Se trataba de un choque entre las ideologías totalizadoras, la razón
histórica, las tentaciones utópicas y el llamado a la acción política,
contra la casuística moralizante de un intelectual de viejo cuño, que, a
su manera, propugnaba una mínima separación entre el campo intelectual y
el político. El choque
resultaba inevitable: su propensión a mediar y reconciliar eran vistas
como indecisiones burguesas o complicidades inadmisibles, en un momento en
que, se suponía, la historia demandaba definiciones categóricas.
Sus
grandes discrepancias con la izquierda pueden, pues, resumirse fácilmente.
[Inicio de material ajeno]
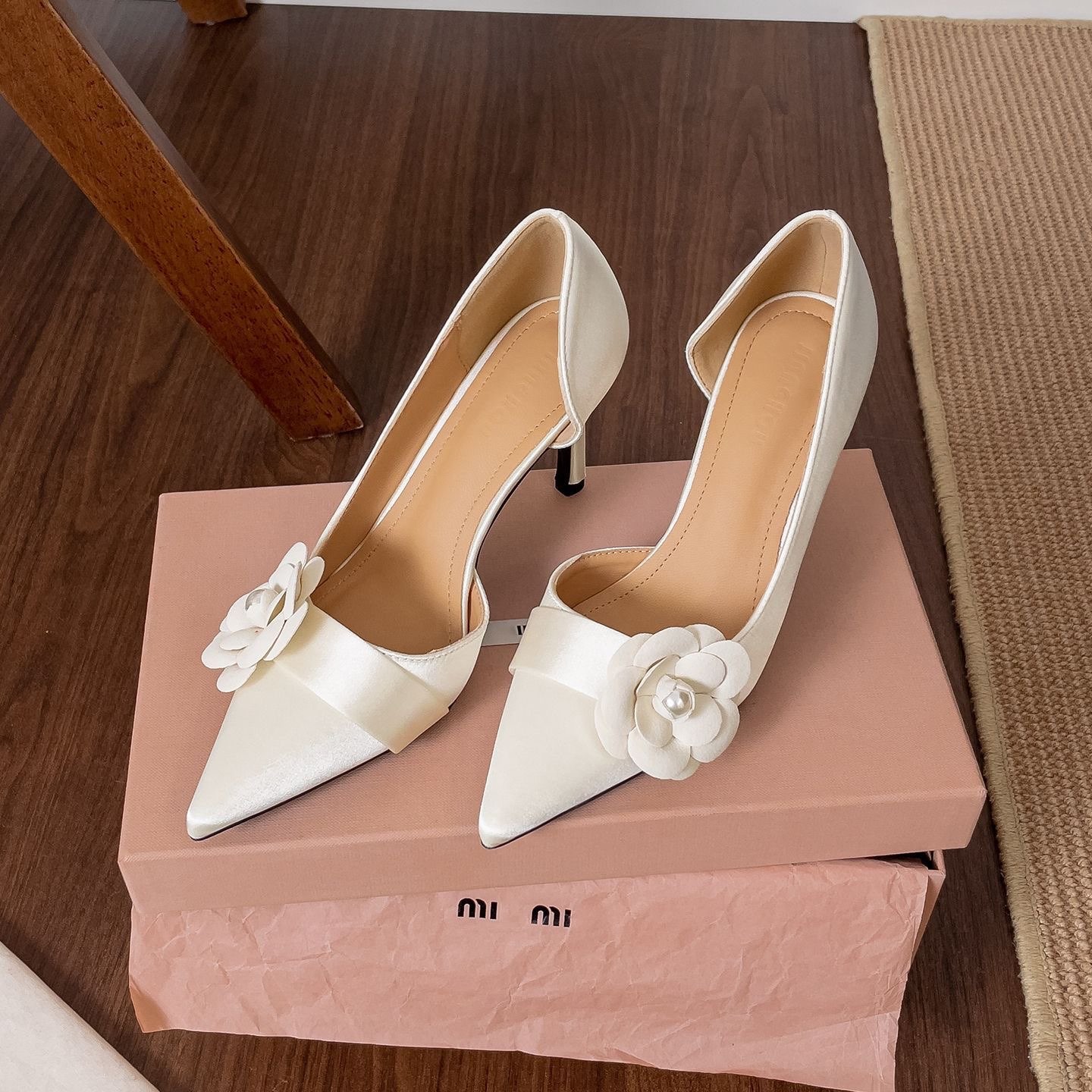 Satin Pointed Stiletto Pumps W - огляд і ціна Women Formal Wear Heels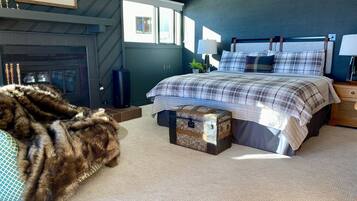 2 bedrooms, iron/ironing board, travel crib, free WiFi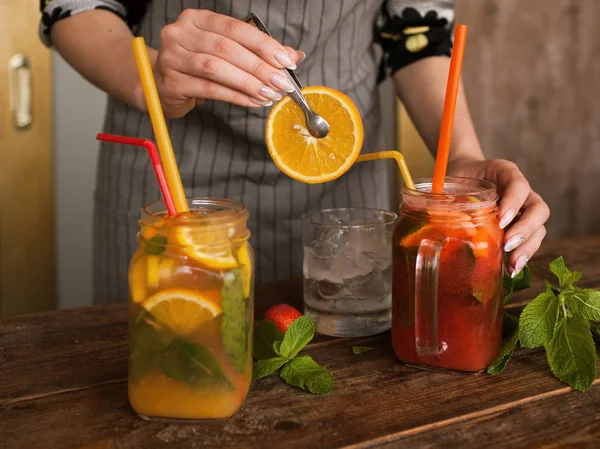 Ober voorbereiding fruit cocktails in restaurant — Stockfoto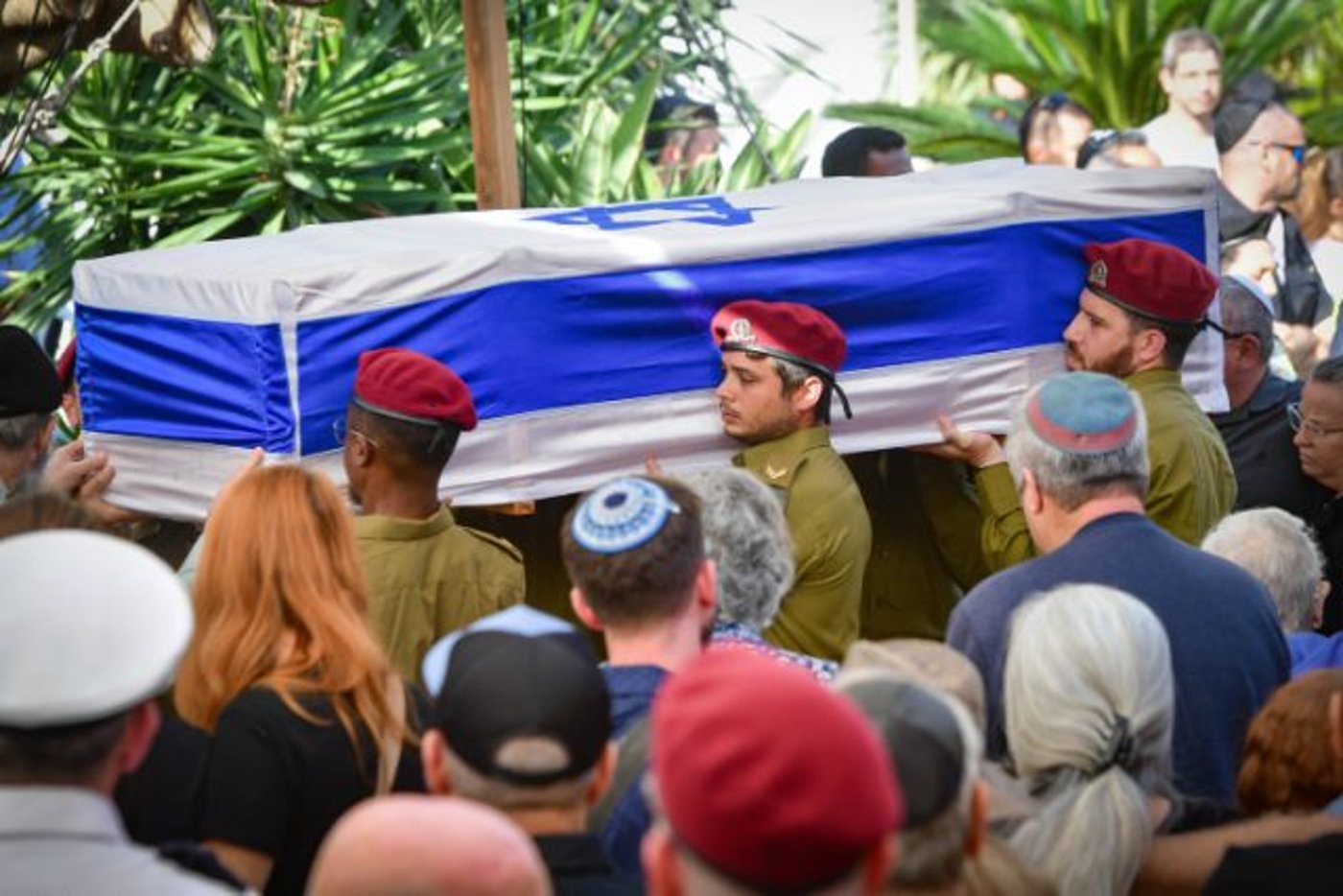 גל איזנקוט הובא למנוחות: "בן למשפחת מופת"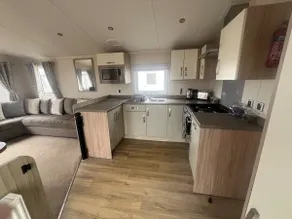 4 bedroom 10 berth caravans with Hot Tub ,Mountain Bikes Tattershall Lakes - Image 2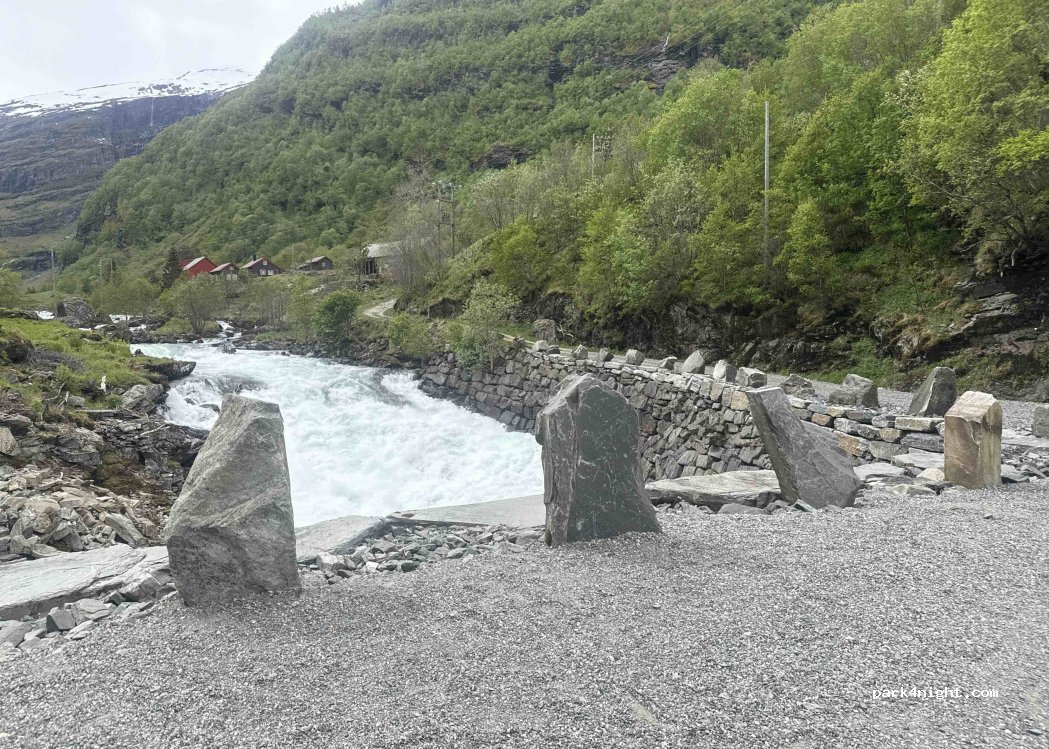 (5743) Aurland - 171 Flåmsdalsvegen — foto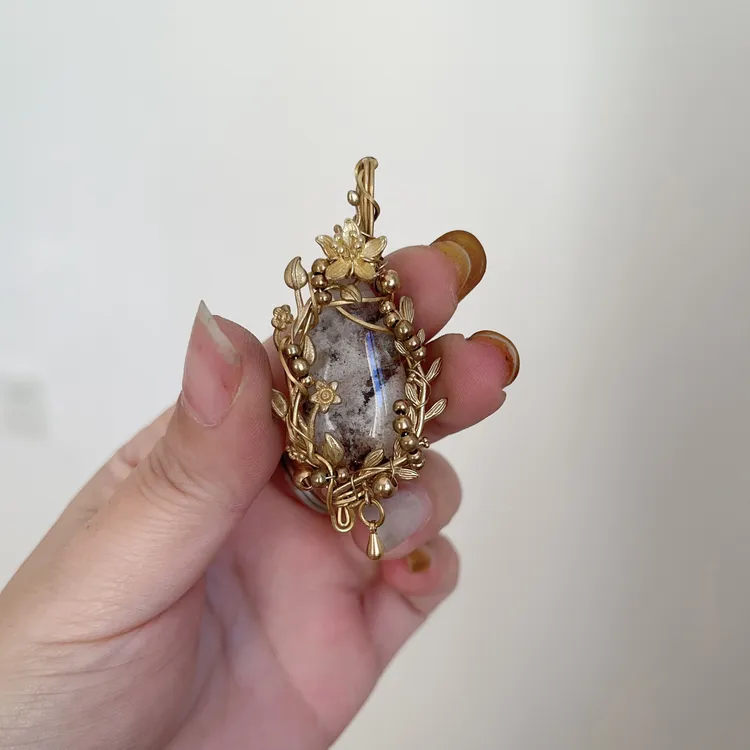 手工制作藤蔓首饰编织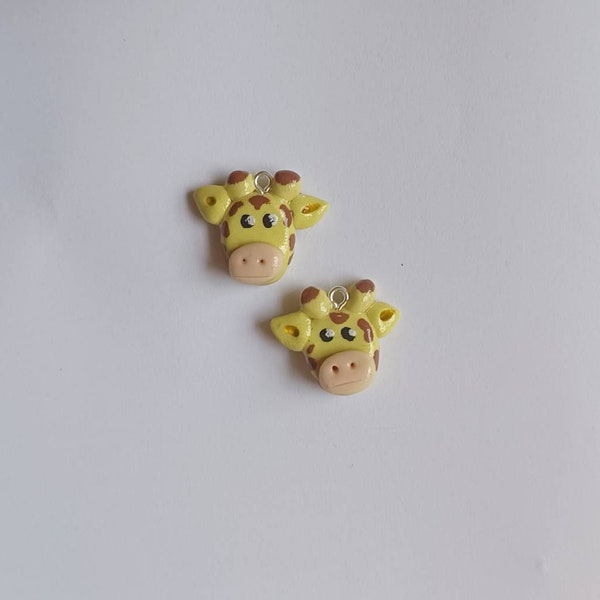 Kawaii giraffe charms / polymer clay giraffe charms / kawaii charms / kawaii animal jewelry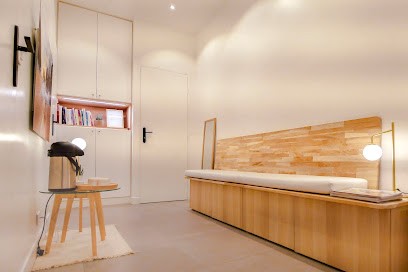 Elisa Ung, UNGKINE, Rééducation Périnéale Paris 12, Kinésithérapeute à Paris 12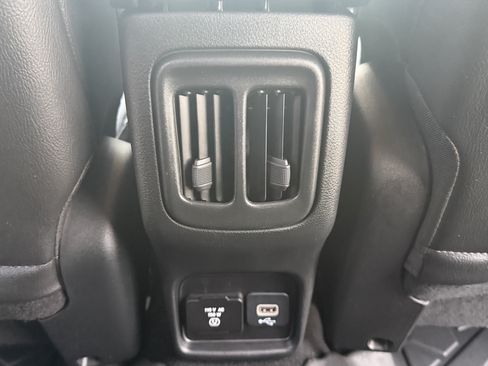 Used 2021 Jeep Compass Limited AWD/4WD image 32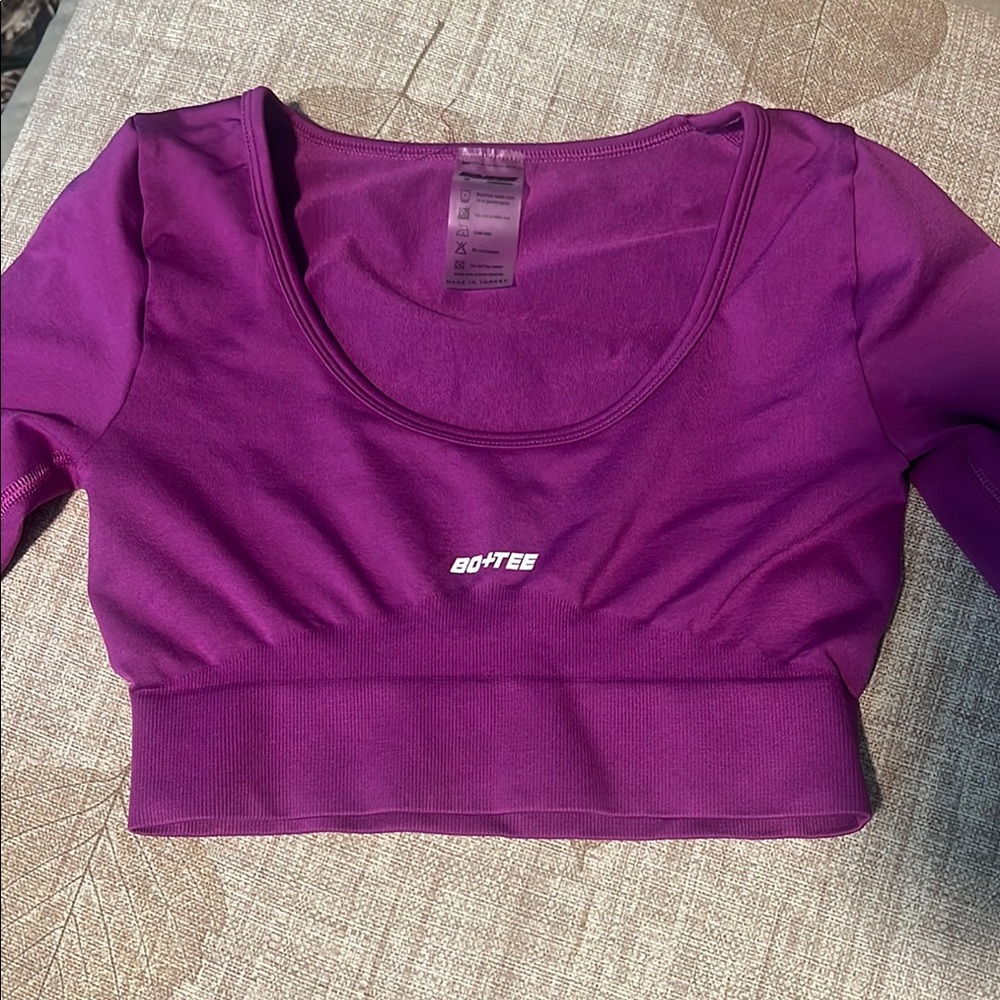 Bo+Tee Purple Crop Top Long Sleeve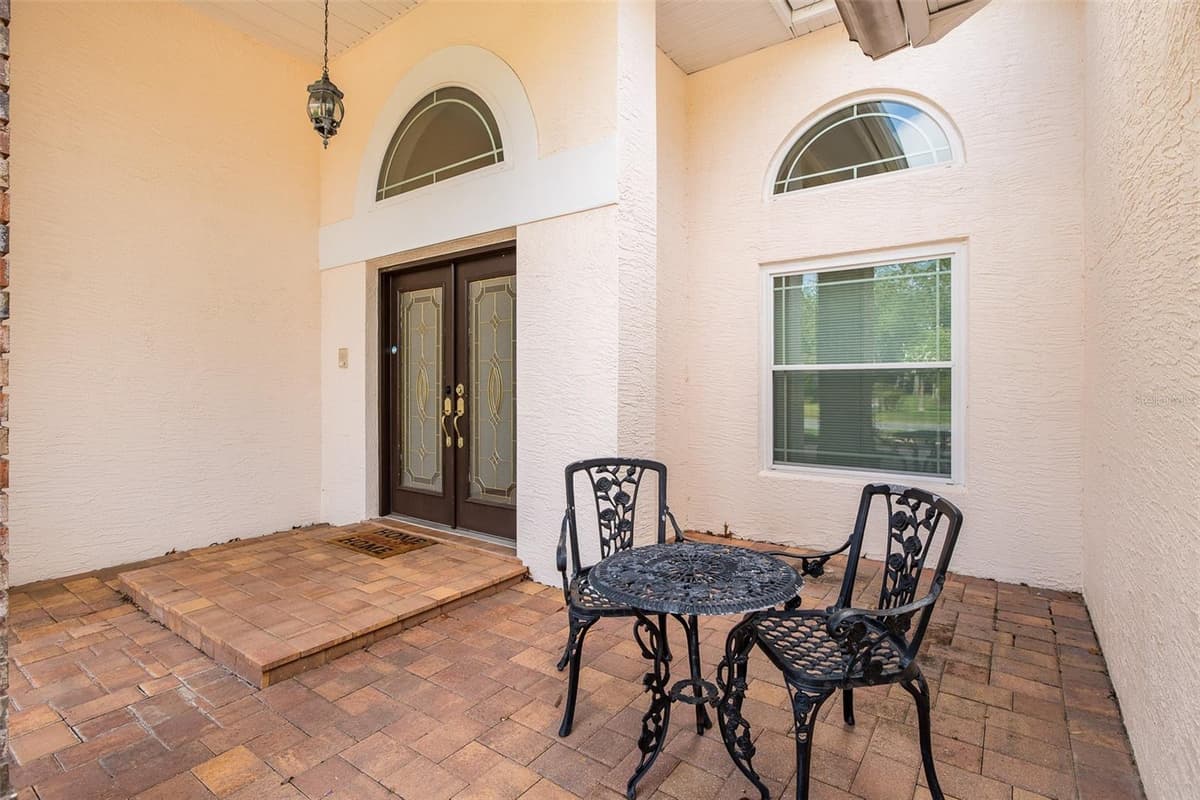 18822 MAJESTIC OAK COURT — photo 8 of 69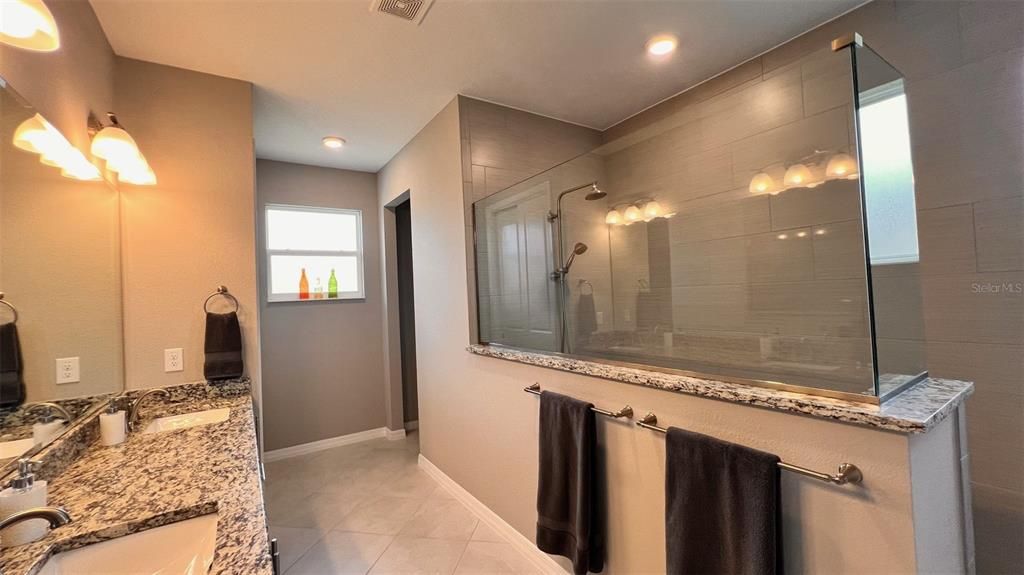 For Sale: $438,999 (3 beds, 3 baths, 2476 Square Feet)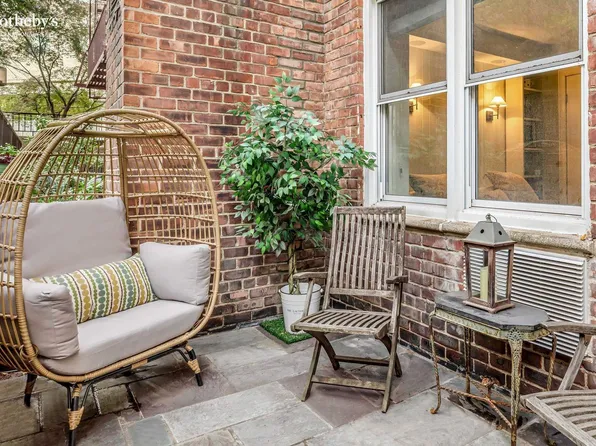 64 East 94th Street image 1 of 10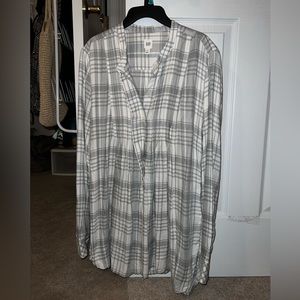 GAP white and gray plaid long sleeve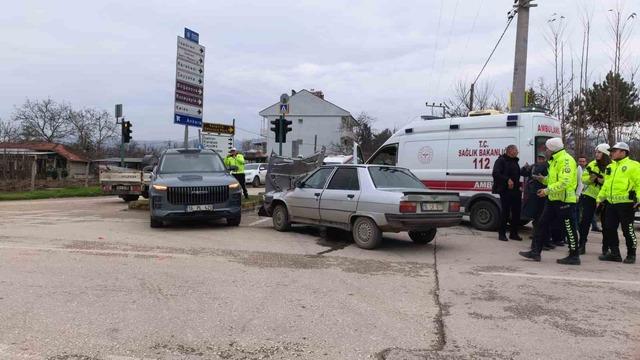 Işık ihlali kaza getirdi: 2 yaralı 3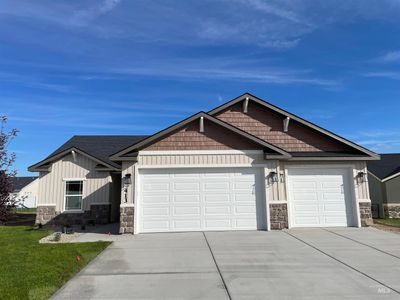 413 Laramie Dr, House other with 3 bedrooms, 2 bathrooms and 3 parking in Twin Falls ID | Image 1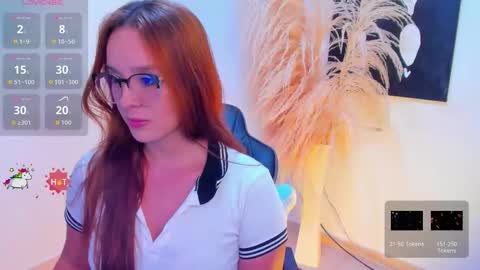 Snapshot of dahlia_rossi chatting on October 8, 5:24 am Dahlia online show from October 8, 5:24 am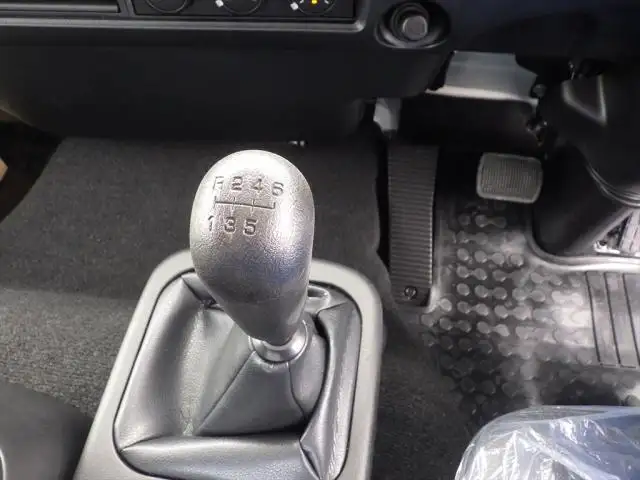 三菱 ファイター 中型/増トン 平ボディ ベッド 2KG-FK62Fの中古トラック画像16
Paz no admite la noción de un determinismo histórico; denuncia las
atrocidades humanas y la falta de libertad que se incuban en los
socialismos reales, acotando que ninguna doctrina las justifica; critica
la naturaleza camaleónica de la izquierda mexicana (una gruesa nómina de
los que lo criticaban desde la izquierda en los 90 habían defendido al
gobierno en el 68) y su cavernaria vocación democrática y cuestiona la
probidad intelectual y el realismo de aquellos colegas suyos que empeñan
su prestigio y moldean su inteligencia para apoyar una doctrina. Todo este
ideario y este código de ética resultan de un
convencimiento gradual, quizá mucho menos temprano y arrojado de lo que
el propio Paz presume, pero
que culmina en una actitud vertical, que se expresa en muchas acciones:
desde su rompimiento con el gobierno
en el 68 hasta el deslinde de una izquierda mexicana que, tras ese
gesto, ya le había apartado un lugar en el templete. Nostalgia En
sus últimas tres décadas de vida, Paz era una voz crítica y, a la vez,
una autoridad; un marginal y un protagónico, una figura omnipresente en
la cultura y la política. Esta presencia multiplicada no se debía únicamente
a “ese abuso de
notoriedad” del que hablaba Jean Paul Sartre, y que se
refiere a la conversión de un prestigio intelectual en prestigio
mediático que brinda fueros y derechos de opinión en diversas áreas,
sino a una singular curiosidad y pasión por el presente, a una asombrosa
producción y profusión de ideas y a sus formas, tan persuasivas, como
polémicas de expresarlas. En
un país como México, la actividad polémica es poco rentable. Después
del 68, Paz pudo haber reinado con afabilidad y pasar sus años mexicanos,
como hacen muchos, contemporizando con todos, apoyando las causas
rentables del momento, coqueteando con las supuestas izquierdas y
aceptando premios, eso sí con el ceño fruncido, provenientes de las
supuestas derechas. Sin embargo, rechazó adaptarse a los reflejos
condicionados de la intelectualidad de su época y ejerció una
beligerancia incómoda, a ratos excesiva, a ratos pedante, al final de
cuentas ejemplar. Porque Paz tomó posturas frente a los principales
acontecimientos de su tiempo, pero no lo hizo desde las pretensiones de
una certeza histórica o de una ciencia superior, sino desde un punto de
vista enraizado en el parecer personal y la mirada moral. Nadie
podría pretender transitar hoy de la métrica poética a la antropología
y de la demografía a la política con la desenvoltura, y
a veces ligereza, con que lo hizo Paz, ni esgrimir su crítica
moral. Actualmente, las vocaciones poderosas, las inteligencias
sobresalientes, los actos excepcionales resultan chocantes o paródicos y
suelen ser cuestionados por ese escepticismo sociológico que, a veces con
lucidez, a veces con simplismo, reduce la actividad del intelectual público
a la acumulación estratégica de bienes simbólicos. El
intelectual tipo Paz parece fuera de temporada: resulta demasiado
superficial para la academia, demasiado profundo para los medios y su ámbito
natural, la alta cultura general, se extingue poco a poco de inanición.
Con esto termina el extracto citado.